Fakta Penangkapan Bupati Pati dan Duit Rp2,6 Miliar dari Kasus Pemerasan Terungkap

Komisi Pemberantasan Korupsi (KPK) berhasil menyita uang tunai senilai Rp2,6 miliar dari Bupati Pati, Sudewo, serta tiga tersangka lainnya dalam kasus pemerasan jual beli jabatan perangkat desa di Kabupaten Pati, Jawa Tengah. Uang miliaran rupiah itu ditemukan dalam operasi tangkap tangan (OTT) yang digelar pada Senin, 19 Januari 2026.

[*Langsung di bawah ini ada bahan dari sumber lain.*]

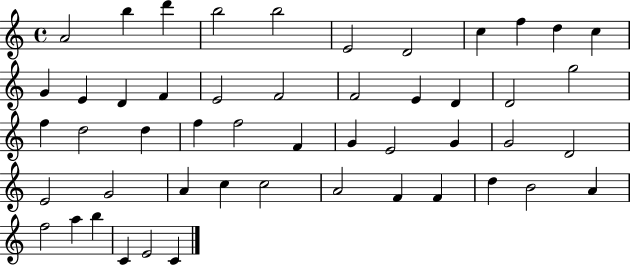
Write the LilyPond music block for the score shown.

{
  \clef treble
  \time 4/4
  \defaultTimeSignature
  \key c \major
  a'2 b''4 d'''4 | b''2 b''2 | e'2 d'2 | c''4 f''4 d''4 c''4 | \break g'4 e'4 d'4 f'4 | e'2 f'2 | f'2 e'4 d'4 | d'2 g''2 | \break f''4 d''2 d''4 | f''4 f''2 f'4 | g'4 e'2 g'4 | g'2 d'2 | \break e'2 g'2 | a'4 c''4 c''2 | a'2 f'4 f'4 | d''4 b'2 a'4 | \break f''2 a''4 b''4 | c'4 e'2 c'4 | \bar "|."
}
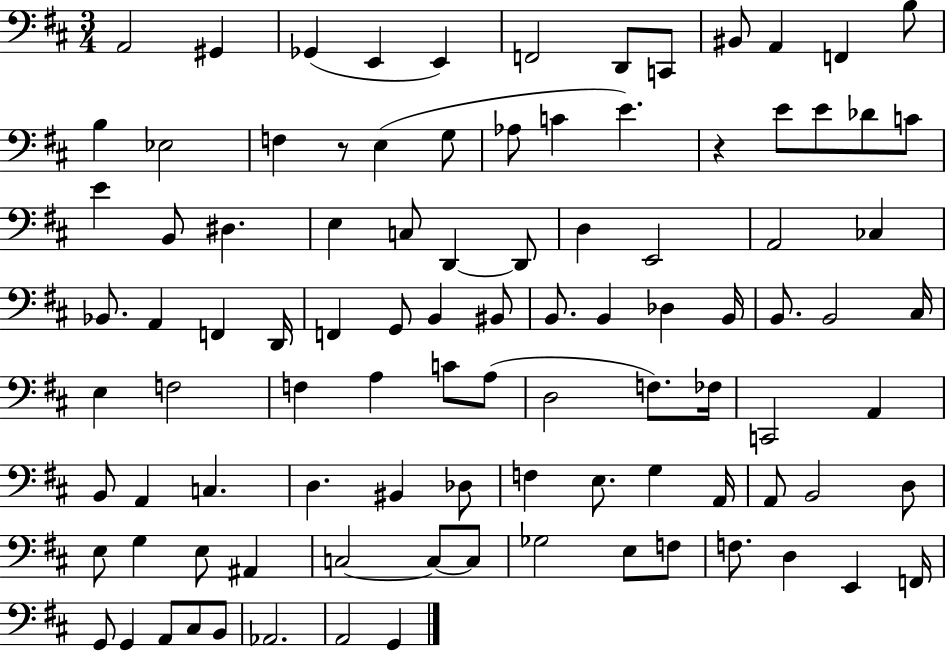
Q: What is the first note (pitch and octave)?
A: A2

Keempat tersangka yang terkait dengan kasus ini adalah Sudewo sebagai Bupati Pati, serta tiga kepala desa, yaitu Abdul Suyono dari Desa Karangrowo, Sumarjiono dari Desa Arumanis, dan Kepala Desa Sukorukun Karjan. Uang tersebut diamankan dari penguasaan para tersangka sebagai barang bukti utama dalam penyidikan KPK.

Modus Pemerasan dan Pengumpulan Dana

KPK menduga uang Rp2,6 miliar tersebut merupakan hasil pemerasan terhadap calon perangkat desa yang ingin mendapatkan jabatan. Dana dikumpulkan secara bertahap melalui para kepala desa, lalu mengalir ke Sudewo sebagai pihak yang diduga sebagai aktor utama dalam pemerasan tersebut.

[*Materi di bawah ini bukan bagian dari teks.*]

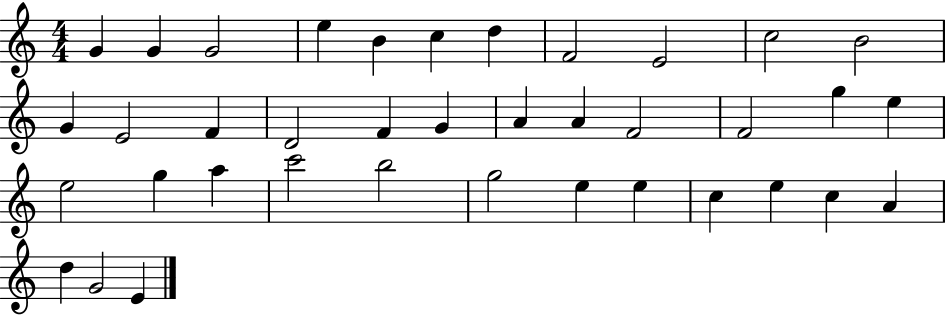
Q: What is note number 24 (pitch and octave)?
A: E5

Sumarjiono disebut telah menghimpun dana sekitar Rp2,6 miliar dari delapan kepala desa di Kecamatan Jaken. Para kepala desa ini meminta setoran kepada calon perangkat desa untuk dapat menduduki posisi jabatan. Besaran tarif yang dipatok oleh para tersangka bervariasi antara Rp165 juta hingga Rp225 juta untuk setiap calon yang ingin mendaftar.

Penetapan Tarif yang Menguntungkan Para Tersangka

Menurut penjelasan Pelaksana Tugas Deputi Penindakan dan Eksekusi KPK, Asep Guntur Rahayu, tarif tersebut telah mengalami mark-up oleh Kepala Desa Abdul Suyono dan Sumarjiono. Awalnya, tarif yang dikenakan berkisar antara Rp125 juta sampai Rp150 juta per calon perangkat desa. Namun, atas arahan Sudewo, tarif tersebut dinaikkan hingga mencapai Rp225 juta, sehingga menimbulkan kerugian besar bagi para calon pegawai desa.

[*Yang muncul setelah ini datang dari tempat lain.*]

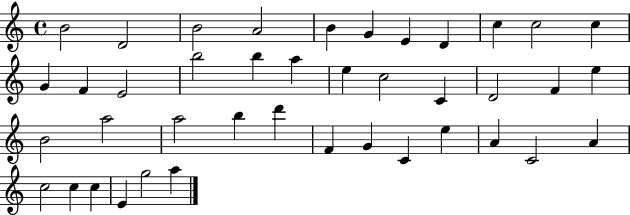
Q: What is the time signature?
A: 4/4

Proses OTT dan Penetapan Tersangka

OTT ini merupakan yang ketiga kalinya dilakukan KPK pada tahun 2026. Selain Sudewo, tiga kepala desa yang berperan sebagai perantara pengumpulan dana dimintai keterangan intensif selama 1×24 jam. Setelah itu, KPK resmi menetapkan keempatnya sebagai tersangka atas dugaan korupsi berupa pemerasan dalam pengisian jabatan perangkat desa.

KPK juga mengungkap bahwa Sudewo tersangkut perkara lain, yakni dugaan suap terkait pembangunan dan pemeliharaan jalur kereta api di Direktorat Jenderal Perkeretaapian Kementerian Perhubungan. Hal ini menunjukkan kasus korupsi yang melibatkan Sudewo tidak hanya terbatas pada perkara pemerasan jabatan perangkat desa.

Fakta Penting Kasus Pemerasan Jual Beli Jabatan

  1. Uang tunai sebesar Rp2,6 miliar menjadi barang bukti utama dalam OTT.
  2. Modus pemerasan dilakukan melalui mark-up tarif jabatan perangkat desa.
  3. Tarif ditetapkan antara Rp165 juta hingga Rp225 juta per calon perangkat desa.
  4. Dana dikumpulkan dari delapan kepala desa di Kecamatan Jaken.
  5. KPK menetapkan empat tersangka, termasuk Bupati Pati Sudewo.
  6. Sudewo juga menjadi tersangka dalam kasus suap pembangunan jalur kereta api.

Kejadian ini membuka fakta gelap mengenai praktik jual beli jabatan di lingkungan pemerintahan desa Kabupaten Pati. Penetapan tarif dan pengumpulan dana secara sistematis menyulitkan calon perangkat desa yang ingin mendapatkan jabatan secara sah. KPK akan terus melakukan penyidikan lebih lanjut untuk memastikan kasus ini tuntas sesuai hukum yang berlaku.